Take the most recent pictures - minutely analyze all the business, action, and results, using the better pieces of animation as examples going thru the picture with these questions in mind:

1. What was the idea to be presented?
2. How was the idea presented?
3. What result was achieved?
4. After seeing this result - what could have been done to the picture from this point on, to improve it?

This is a small section from a memo that Walt Disney wrote to Don Graham on dec 23th 1935.

When I read this letter today, this section in particular made sense to me. I thought it answered some of my questions that I was having concerning the 'pushing' of my own work.

How can I push my one-story-drawings to the next level?

If from now on I consciously keep the above questions in mind when making a one-story-drawing, I think it will give me insight in how I can push that drawing to the next level. If you apply the answers from the 4th question to the next drawing you make of the same story, it will be a push!

I also think that it will be good for not to answer the 4 questions in my head, but to write them down, so they exist.

So, let's put it into practice. See if it works?

Here's a one-story-drawing.

1. What was the idea to be presented? ( I think this means what's the story you want to tell?)

A girl get's a small kitten for her birthday. Surprise!

2. How was the idea presented? (I think this is about how the story is staged.)

I see a girl that looks at a young cat in a basket. It's probably a present, seeing flags, and a birthday hat and wrapping paper. She's happy, she is smiling, and surprised, looking at her eyes. Her face is turned away from the cat, so she just might have been a little bit afraid of what was inside of the present.

3. What result was achieved? (I think this means what is the story you read from the drawing as it is now?)

She's kinda happy with her present, not ecstatic. It's a bit of a weird looking cat; a little bit big maybe for a kitten. But the basic ingredients are there, a girl and a cat. And it's a party, probably a birthday, decorations, hat, giftpaper.

4. After seeing this result - what could have been done to the picture from this point on, to improve it? "

Maybe the girl could be really really happy in her emotion when unpacking her present. So study happy emotions.

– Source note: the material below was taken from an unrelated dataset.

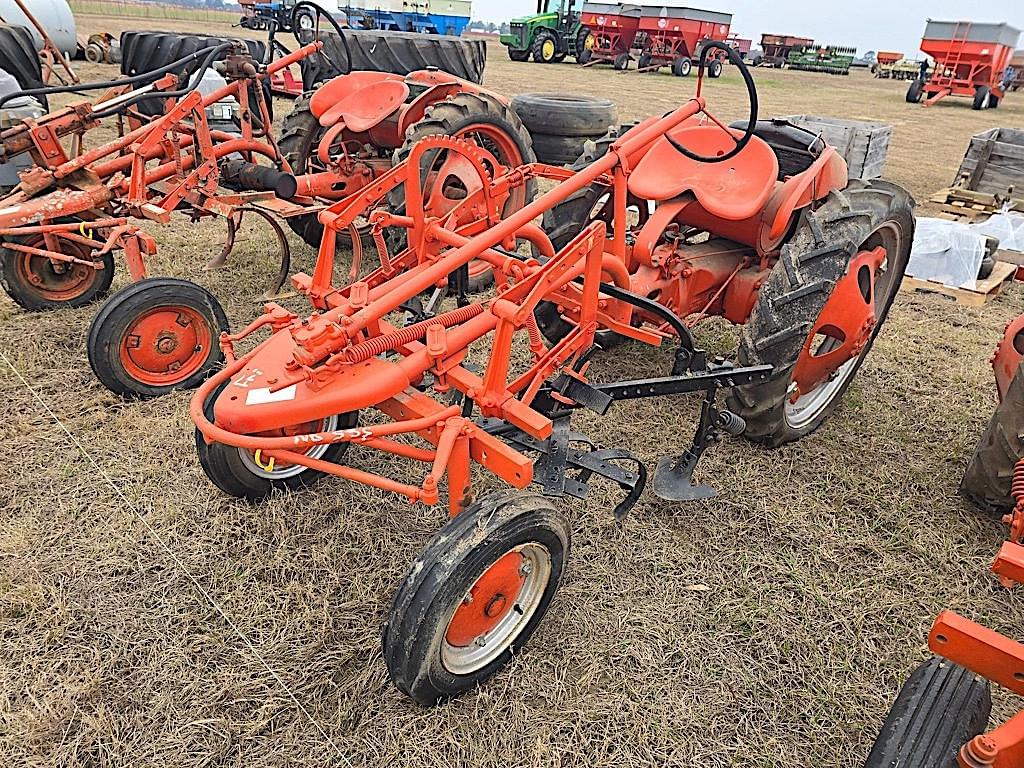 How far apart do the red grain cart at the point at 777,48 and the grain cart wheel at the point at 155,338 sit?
131 feet

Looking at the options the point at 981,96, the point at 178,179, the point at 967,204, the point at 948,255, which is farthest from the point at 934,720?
the point at 981,96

The cat can be cuter, more like small kittens are. Fuzzy and cute and likeable. Study kittens.

How the present looks can be improved, more a box maybe with a lit that's pulled of or something like that. Design the present that holds the kitten.

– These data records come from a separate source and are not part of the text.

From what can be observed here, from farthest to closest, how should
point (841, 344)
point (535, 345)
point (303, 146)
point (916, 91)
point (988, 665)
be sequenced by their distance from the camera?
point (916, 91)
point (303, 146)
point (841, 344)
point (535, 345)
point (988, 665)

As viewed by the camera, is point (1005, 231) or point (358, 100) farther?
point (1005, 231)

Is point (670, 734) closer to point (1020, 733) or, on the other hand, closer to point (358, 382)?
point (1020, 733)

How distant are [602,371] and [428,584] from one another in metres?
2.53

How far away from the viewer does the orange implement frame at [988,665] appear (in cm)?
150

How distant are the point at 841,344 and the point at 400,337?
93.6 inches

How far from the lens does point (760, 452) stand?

Instead of making these studies, I drew this as my next drawing for the same story ...

Not exactly improving the previous sketch I think now. There's a few steps and desicions missing. I guess they took place inside my head really fast, and as a result I thought I needed to make this drawing.

Why did I make this then?

It now feels more like creating a whole new world where you can ask the same 4 questions again.
Do I really need more characters and envorinment to tell the story of a girl and a cat?

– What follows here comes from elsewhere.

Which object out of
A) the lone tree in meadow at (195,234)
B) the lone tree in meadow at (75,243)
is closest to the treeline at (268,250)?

I don't claim this is the way to push your work, but I think it will help me to understand better why and how I make my decisions while making a one-story-drawing, and how I can improve myself, and become more effective in telling a story. That is also what this blog is for. To get an insight for myself in how I work, and how I can improve and develop myself as an artist.

ps. Saw TS3 yesterday. Loved it, I think pixar takes you on a nice emotional rollercoaster with a film about toys. Impressive.